An organization that develops a mobile application has ten teams. Each team is comprised of engineers that can do front end work (the application that’s surfaced on mobile devices), and back end work (the server that the mobile devices connect to). In this example, each team has one engineer that’s a server SME. From each team’s perspective, they have a single point of failure — it’s that server SME that’s on their team. If that person disappears from the team, they will not have that skill set. The reality, though, is that the server engineering skill set is sprinkled around the organization. If the server SME from one team leaves the company, the other nine server SMEs will figure out a way to continue getting work done. In this example, redundancy has been built in to the system.
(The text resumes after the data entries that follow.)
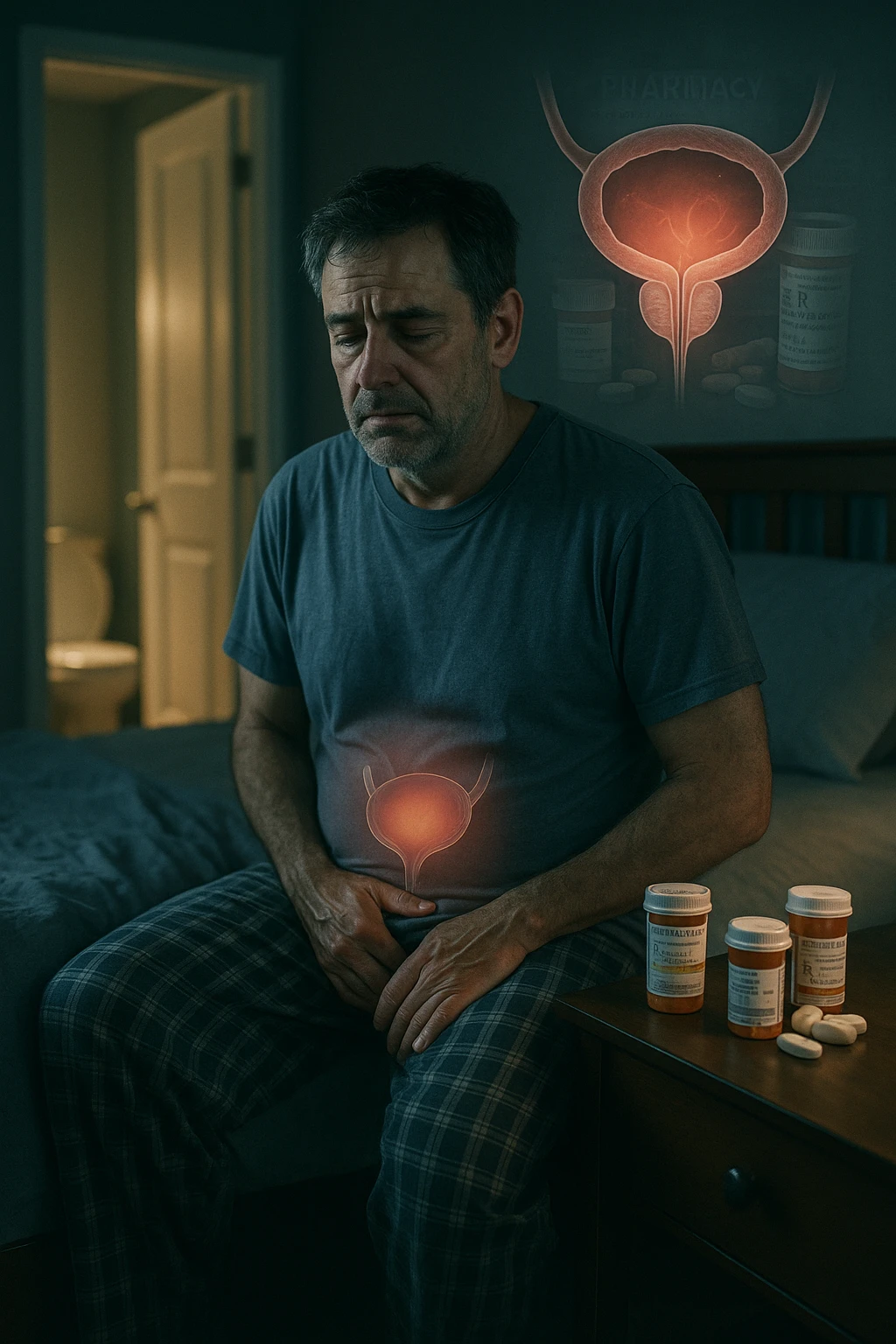 A middle-aged man sits on the edge of his bed in a dimly lit bedroom, looking exhausted and frustrated. On the nightstand beside him are several prescription pill bottles, loosely organized, some open — suggesting long-term medication use. In the background, the bathroom door glows softly, partially open, with a faint reflection of the toilet visible, indicating frequent nighttime trips. The man wears a loose T-shirt and pajama pants, his posture slightly curved as he gently touches his lower abdomen, symbolizing bladder discomfort. His eyes have dark circles, his expression is drained. The color palette is muted blues and greys, with a cinematic soft focus and ambient light highlighting emotional fatigue. A subtle overlay of pill labels and bladder imagery could be added for educational use. emoji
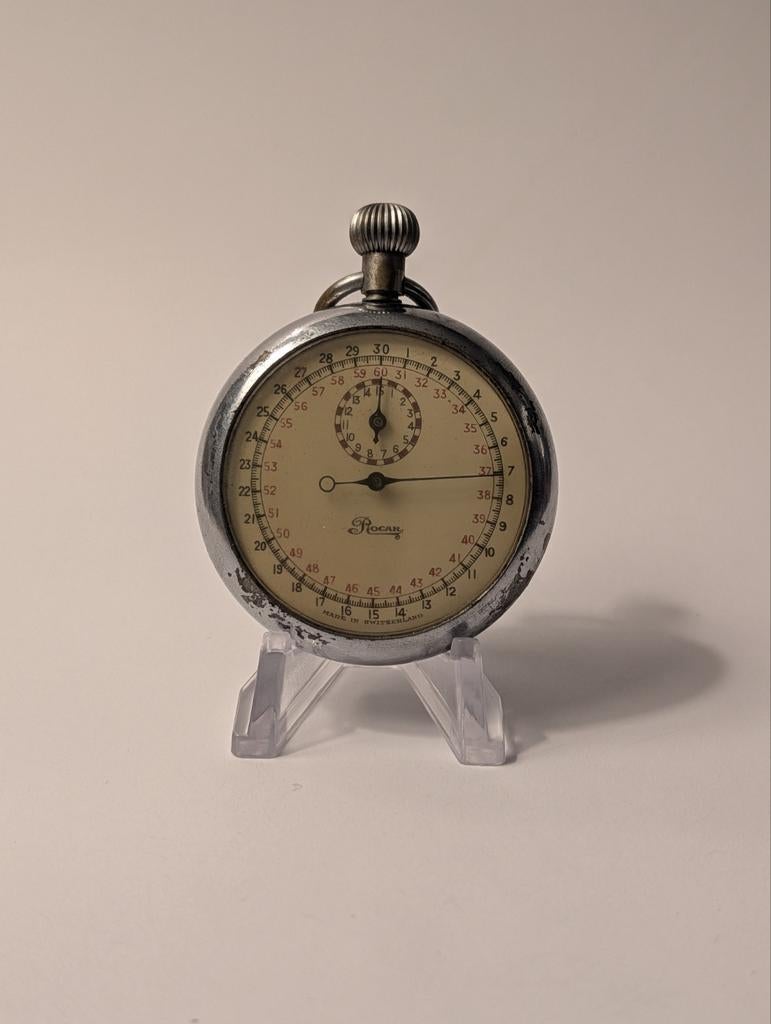 Rocar Stopwatch - 30-Sec. Sweep - Swiss Made - Jaren '50/'60, Ophalen of Verzenden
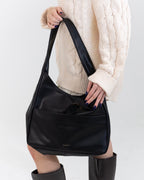Sac cabas à anses longues et fines, finition aspect cuir lisse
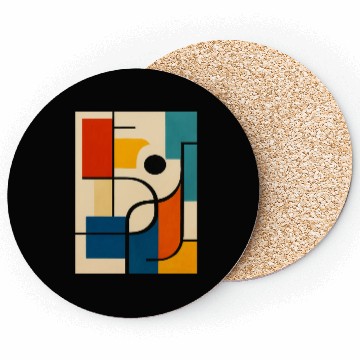 Discover Geometric Abstract Color Composition Coasters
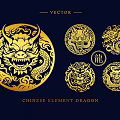 Chinese Golden Dragon Elements With Traditional Circular Patterns And Vector Design 3d model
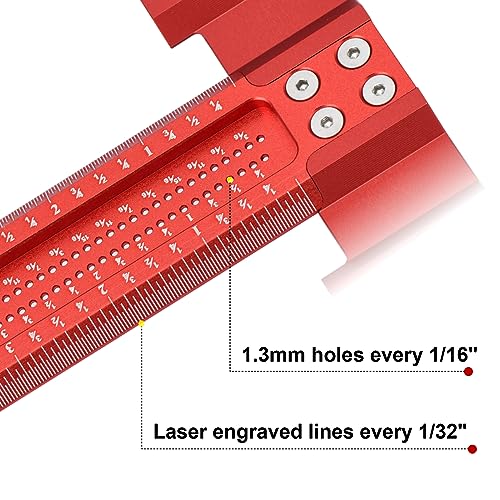 AKNgoes Woodworking Scriber T-Square Ruler 12in with Thoughtful Support Lips, Architect Ruler for Carpenter Work, Layout and Measuring Tools…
Single Points of Failure Can Be OK
I’ve come across a few scenarios in my career where I think having single points of failure is ultimately OK.
End of Life Products
In this scenario, the single point of failure is someone who knows a lot about a product that’s either been deprecated, or is in the process of being deprecated. There is a major caveat to this pattern being OK, though — the product in question cannot be in use by a meaningful percentage of the company’s customer base. The more customers use a product, the less acceptable it is to have single point of failure in the development pipeline for that product. I’ve seen this “end of life” scenario coupled with development of a “next gen” version of a product. A person (or two) hang around to maintain the “end of life” version of the product, while a team of new people move forward with development of the “next gen” version of the product.
Low Learning Curve
In this scenario, the single point of failure operates in an area where the learning curve to get someone new up to speed is low. This could be because the technology is common, the scope of the single point of failure is isolated, or also because the single point of failure has done a great job documenting how the code works.
Agile Prevents Single Points of Failure
Whether companies are doing anything Agile or not, many jobs come with expectations that individuals will be part of a group of people — a team — working together towards common goals. Whether they’re project managers, sales people, or engineers, this team-centric model of working goes against single points of failure. Yes, one team member might know more than the others, but the onus is on the team to figure out how to share that knowledge across the whole group.
A development team that practices Agile stands a good chance at avoiding single points of failure. This is because many Agile methods preach things like collective code ownership, pair programming, and even mob programming. These practices promote groups of people working together towards common goals. The outcome is likely to be knowledge that’s well distributed across a group, instead of centralized in one or two brains.
Are You A Single Point of Failure?
We’ve reached the portion of this post where it’s time for you to do a little reflection on whether or not you’re a single point of failure. Whether you’re a Director of a department, or a member of a development team, here are some questions to get you started:
What happens when I’m out of the office? Are decisions made without me? Does “life” go on? Or do I return to the office with an inbox full of e-mails with decisions I’m being asked to make?
How often do people seek my opinion vs. expecting me to make decisions?
How much work do I need to do to prepare to be out of the office? Do I have to work overtime in order to be out of the office?
How often do people call or text me outside of my normal business hours?
Single points of failure can be a challenge for any product development organization. But it's a challenge that working together — whether using Agile or not — can help mitigate. Just don’t wait until someone gets hit by a bus to get started.